A Conversation on War, Torture, and the Limits of Evil – Part 2

A Conversation on War, Torture, and the Limits of Evil – Part 2 March 18, 2016

Source: Wikimedia Commons
Source: Wikimedia Commons

[This post is a continuation of Paul Grenier’s dialogue on torture and solidarity. The first part can be found HEREThe previous section concluded with the Professor asking, in Socratic fashion, what motivated the US government to make use of torture after the attacks of Sept. 11.]


AMBASSADOR. I take strong exception to this suspiciousness about America’s motives.  Our motives were clear. We were attacked and something had to be done. The correct question to start with is not the motive, but whether or not torture – I still prefer to say enhanced interrogation – was justified under the unique and new circumstances of the global war on terror.

PROFESSOR.  Justified in pragmatic terms, or in the sense of just war theory?

AMBASSADOR.  Both.  I think the enhanced interrogations program was both morally justified and necessary for keeping us safe.  Just war theory recognizes that one may not always be able to use just methods in the waging of a war that itself is entirely justified, as this war clearly is.  C. S. Lewis somewhere says the same thing. It is unjust, after all, that innocents are inevitably killed during even a careful military assault that tries to avoid civilians. Why wouldn’t even torture, then, sometimes be part of a just war—in other words, a war whose aims are just? And let’s not forget what is at stake here. It is not just our own freedom: it’s also democracy, the rights of women, our very survival!

PROFESSOR. Do you then define a just war as one whose aims are just? Surely you realize that there are other requirements.

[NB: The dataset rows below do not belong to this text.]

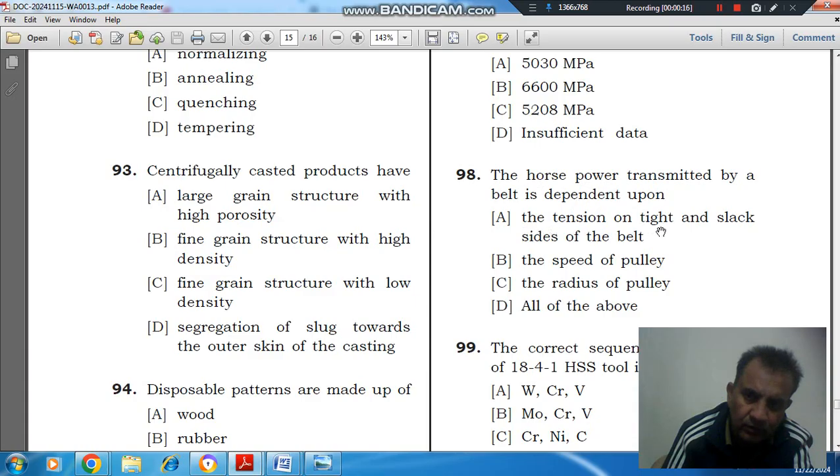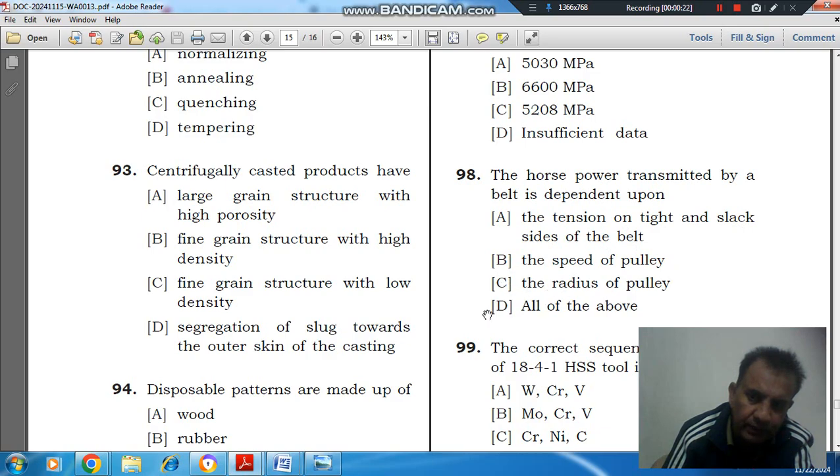Option A: tension on the tight and slack side of the belt. Option B: speed of the pulley. Option C: radius of pulley. And option D: all of them.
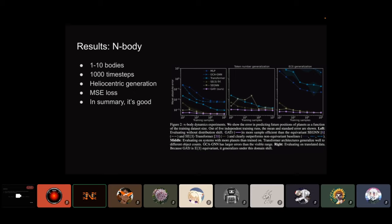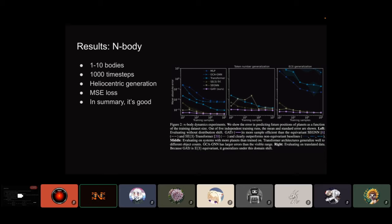For the N-body task, they generate a heliocentric system of bodies — first placing a sun, then picking random radii to place planets — and simulate it with Euler integration for a thousand steps. The geometric algebra transformer learns this task much better than other architectures and is better even at the start of training, suggesting the geometric inductive bias is uniquely suited to this problem.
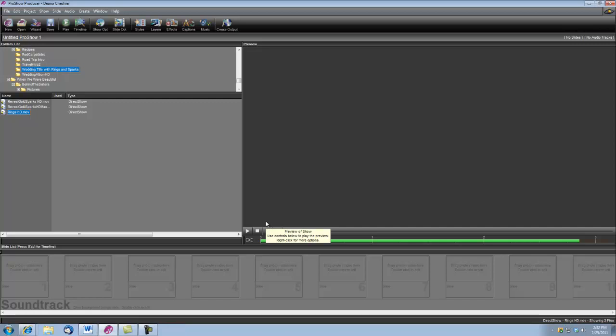Hi, this is Dina with Digital Hot Cakes, and I'm a ProShow producer. I'm going to show you how to create a wedding title with a Sparks Reveal. We're going to be using the rings background from Wedding Essentials HD Volume 1, and also the Reveal Gold Sparks animation with its corresponding mask.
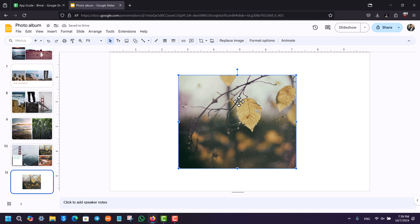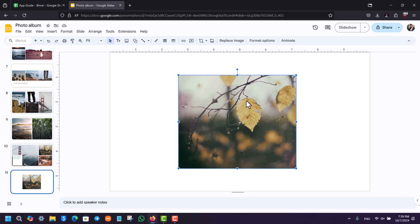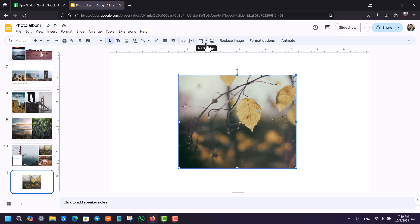...a star, or a custom shape. It's very simple - you just have to select that particular image first. Once you select that image, at the very top you can see a crop icon. You don't want to click the crop icon, but right next to the crop you'll see a little down arrow icon that says 'mask image.'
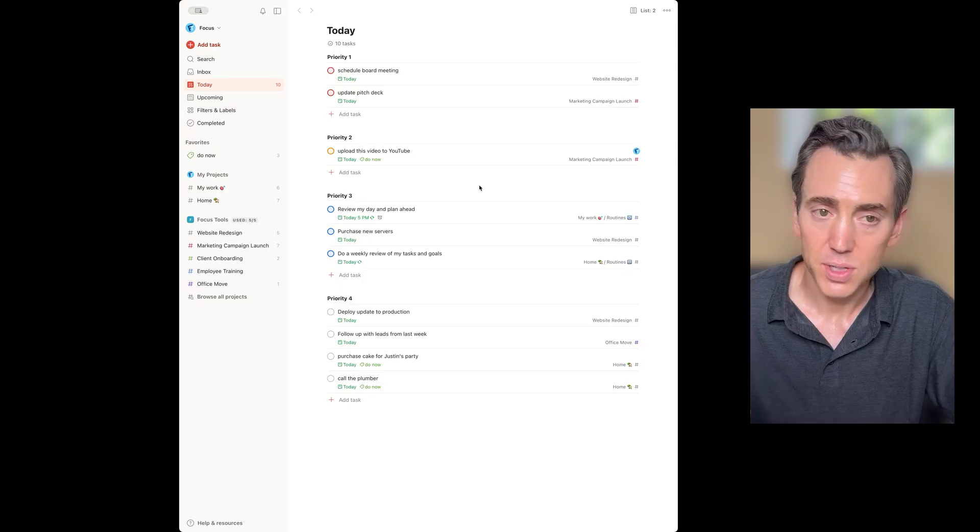Todoist is one of the best and simplest task management apps on the market. However, without a little organization, it can easily become overwhelming, especially as you start to add a lot to it. So today I want to walk you through some of my top tips for staying organized without becoming overwhelmed on Todoist. Here we go.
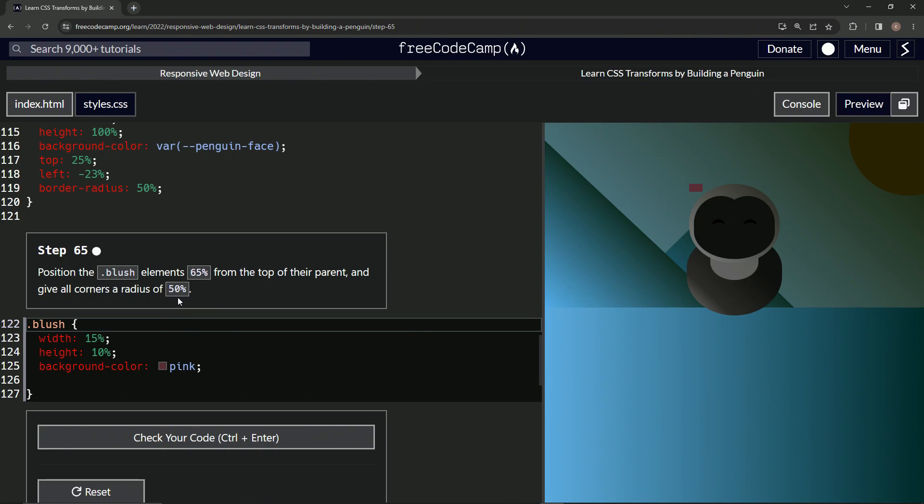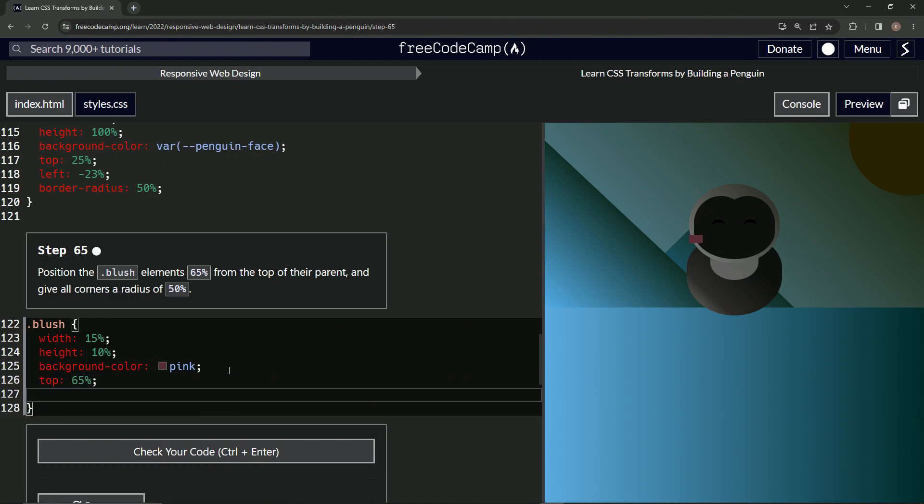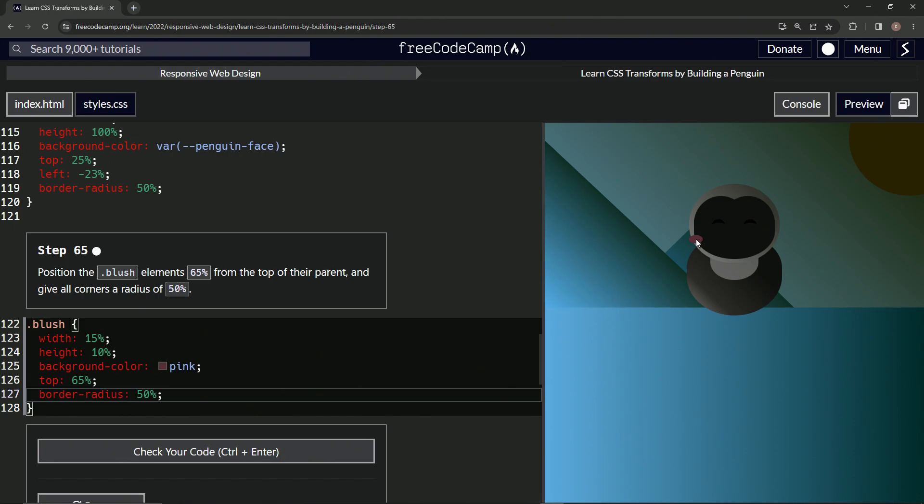Okay, so we're gonna do top of 65%, so top: 65%, then we'll do border-radius of 50%. Like that. All right, so now it's a cartoonish little oval looking like that right there.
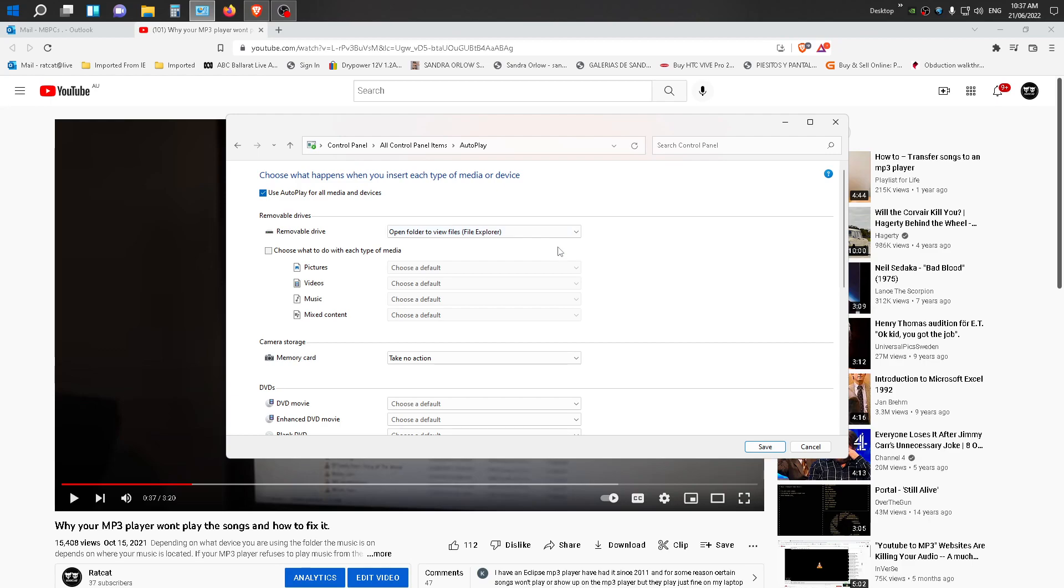Once you've done that, click Save down here and when you plug in your MP3 player or your USB drive, it will automatically open when you plug it in. So you will see it on the screen, okay?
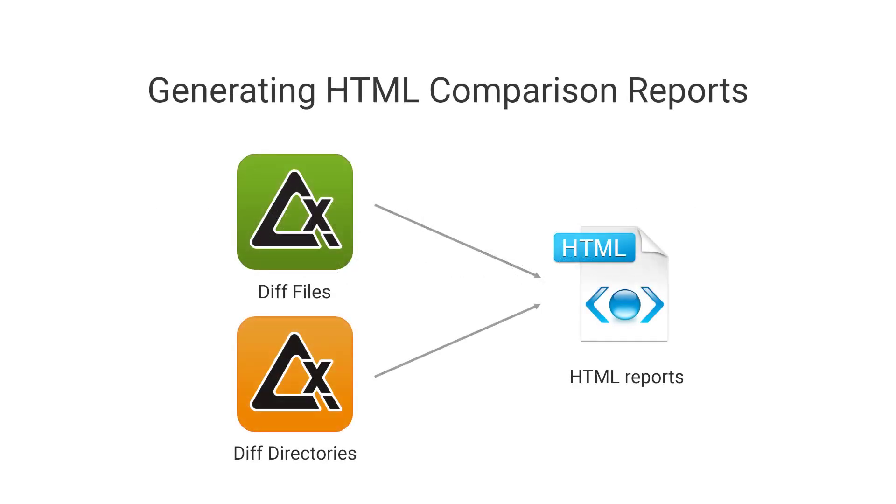The purpose of this video is to demonstrate how to generate various reports that show the results of a file or directory comparison using tools within Oxygen.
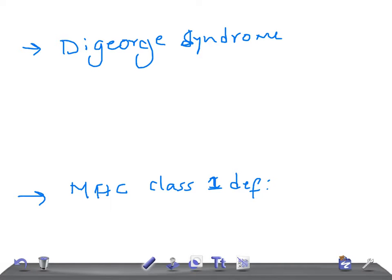So what is DiGeorge Syndrome? Very simple — DiGeorge Syndrome is nothing but the failure of formation of the 3rd and 4th pharyngeal pouches. Remember: pharyngeal pouch — very important.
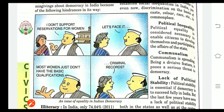Next is communalism. Communalism means a strong sense of loyalty to the interests of one particular group, especially a religious group, rather than to society as a whole, which can lead to violence towards others. This communalism is spreading and, being a divisive feature, it poses a serious threat to democracy, creating many arguments between people.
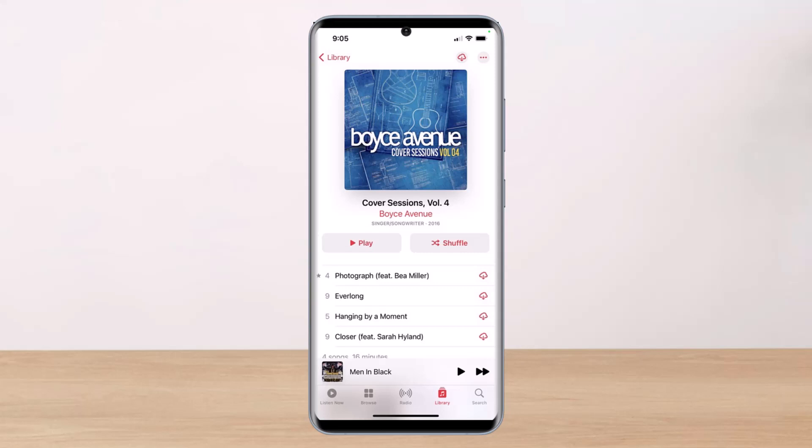Apple Music is a music streaming service that provides on-demand listening on the go, which means you'll be able to search for songs at any time and play them on the spot. However, as you might have guessed, this requires you to have an internet connection.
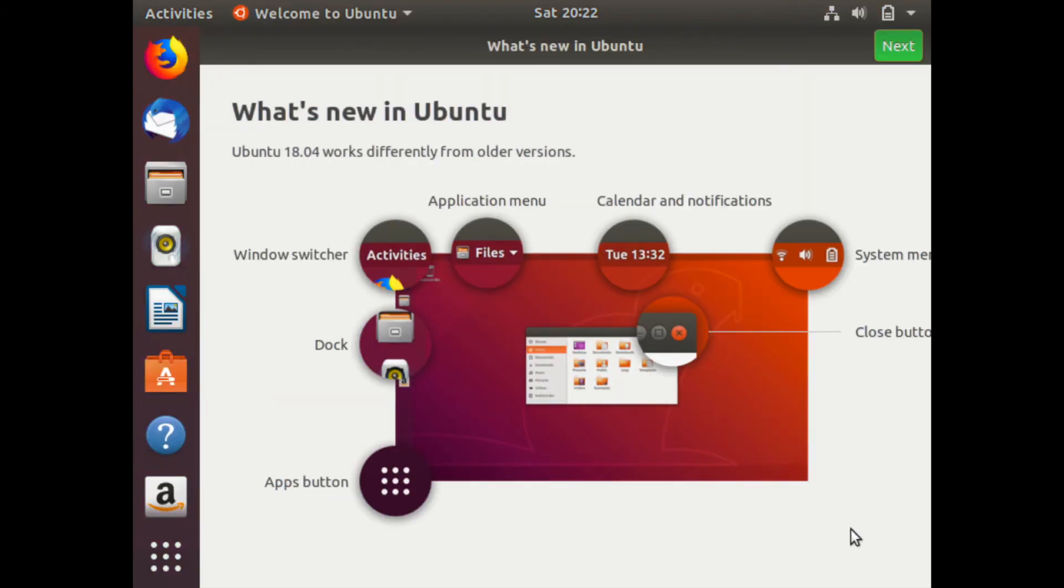Give it a few moments while it boots back up. And here it is, your new Ubuntu 18.04 desktop screen.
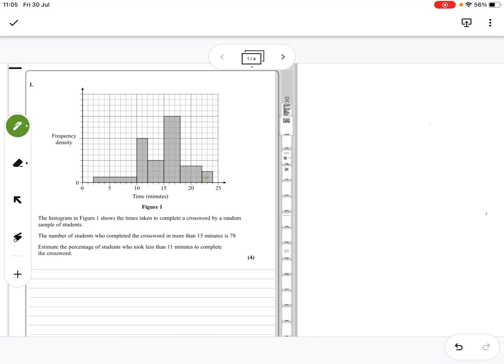The histogram in figure 1 shows the times taken to complete a crossword by a random sample of students. The number of students who completed the crossword in more than 15 minutes is 78. Estimate the percentage of students who took less than 11 minutes to complete.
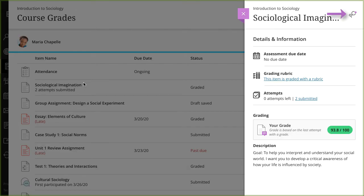If your instructor enabled class conversations for some individual content items, you can discuss the content with your instructor and classmates. You can ask for help, share resources, or answer questions others have. As the conversation develops, it appears only with the relevant content.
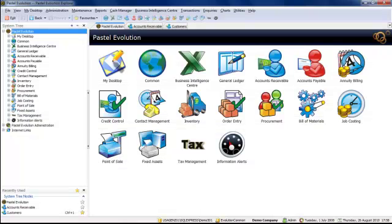This has been a brief tour of navigation in Evolution. In the next tutorial, we will explore how to refine individual user options and settings. Thank you.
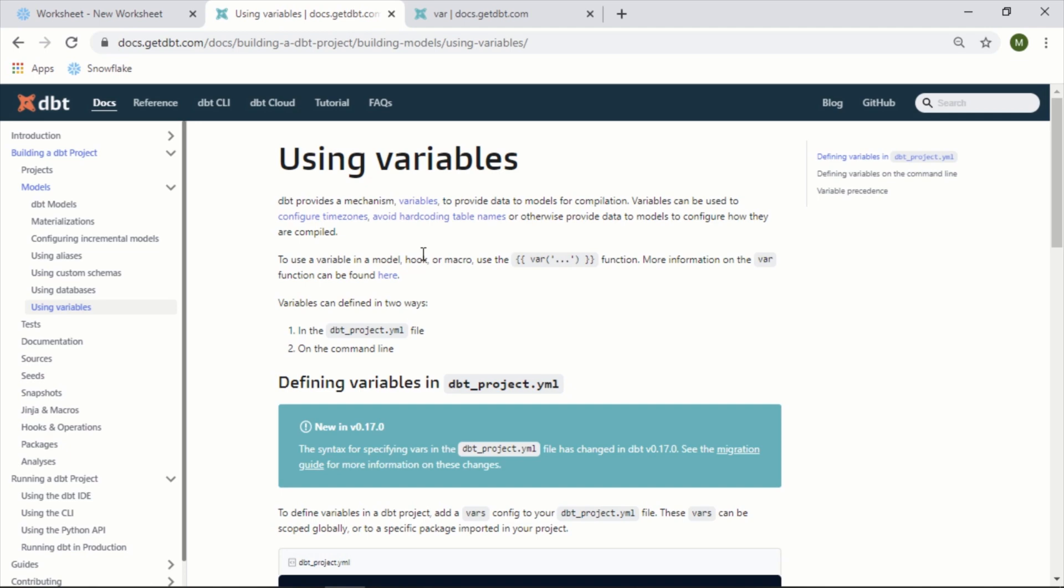Hey everyone, in this video we will take a look at using variables in dbt. Just like most other programming languages or tools, the ability to store information in a variable and reuse it is pretty critical, and dbt is no different in the fact that they offer ways to do this.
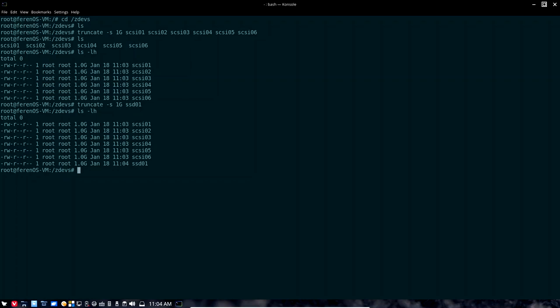Now that we have ZFS installed on Linux, the next step is to go ahead and set up our first pool — we need to create that pool. There are really two commands you need to worry about in ZFS: zpool for creating the pools, and zfs for creating the datasets. The datasets are the mounted files in ZFS that represent the data you can access and actually utilize. Let's create that first pool — I'm going to call it Trinity. So the command is zpool create Trinity.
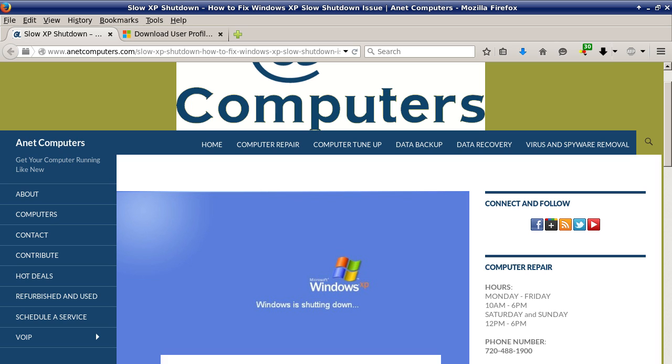You can always browse to anetcomputers.com for possible tips, information, and tricks to help you solve your most common computer problems. Thank you for listening. Adios.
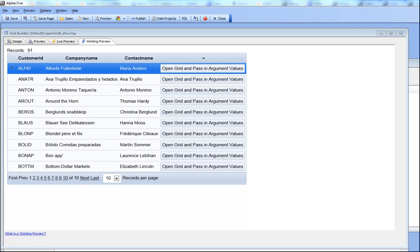This video is aimed at advanced developers. It shows how you can pass arbitrary information to a grid component when you open the grid from another grid.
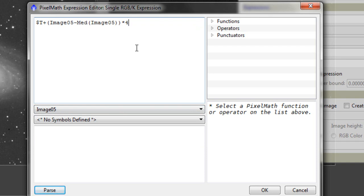And again, this is your choice now. You can do 2, 4, 6. Bearing in mind the larger the number, the more you'll increase the noise. And just for a change, I'm going to make it 5.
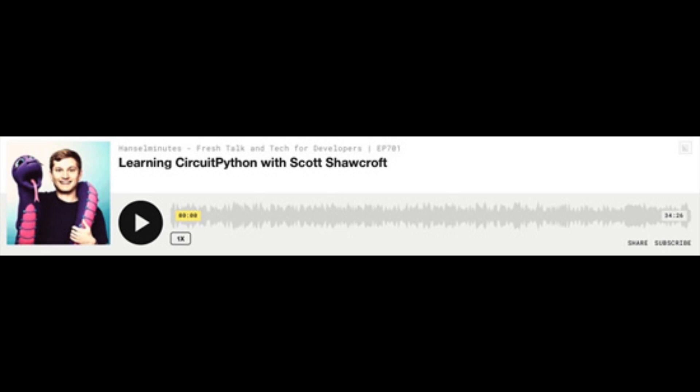Along with Ask an Engineer and Show and Tell, it's a decade running. And Scott Hanselman has 700 episodes, so he's up there too. So listen in — Scott did a really good job.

AMBASSADOR. Yes, of course there are.  If I’m not mistaken, it was Augustine who first declared that a just war has at least three pre-conditions. It has to be openly declared by a legitimate authority.  It must be a response to open aggression or a similar just cause. And it should only be fought as a last resort. It’s clear that the U.S. war on terrorism fulfills all of these requirements, including the last. The idea of negotiating with terrorists, after all, is preposterous!

SCIENTIST. [inaudibly to the rest of the group] And because Saddam Hussein was not connected to any terrorists, the U.S. government had to torture a few people into saying that he was …

PROFESSOR.  [Knitting his brow and then turning to the Ambassador again] You said earlier that during the waging of a just war, one may be obliged to commit specific acts that are not in themselves completely just. I agree. According to you, however, does this imply that any means at all may be used?

AMBASSADOR. Certainly not. But one’s choice of the means is surely connected with the magnitude of the danger. I can see what you are driving at, though; so let me put the question to you. Where would you set the limits to the violence that is still permissible during a just war?

PROFESSOR. Well, for one thing, I would not fight terror with terror. The firebombing of German and Japanese cities during WWII was intended to terrorize the civilian population of those nations. These were acts of state terror far worse than anything yet perpetrated by any individual terrorist. But I would add to your list of requirements for a just war another requirement that has only in the past hundred years or so come to the fore, at least as far as I know.

I first came across this new requirement in a dramatic dialogue written by the Russian philosopher Vladimir Solovyov, a dialogue called “Three Conversations: War, Progress, and the End of History, plus a short story of the Anti-Christ.”

AMBASSADOR. Vladimir Solovyov! How interesting! I haven’t yet read him, but I have been meaning to, ever since hearing how Cardinal Giacomo Biffi gave a presentation about him to the pope at a retreat a while back. From what I recall, the cardinal, quoting Solovyov, called the Anti-Christ a pacifist, an ecologist and an ecumenist!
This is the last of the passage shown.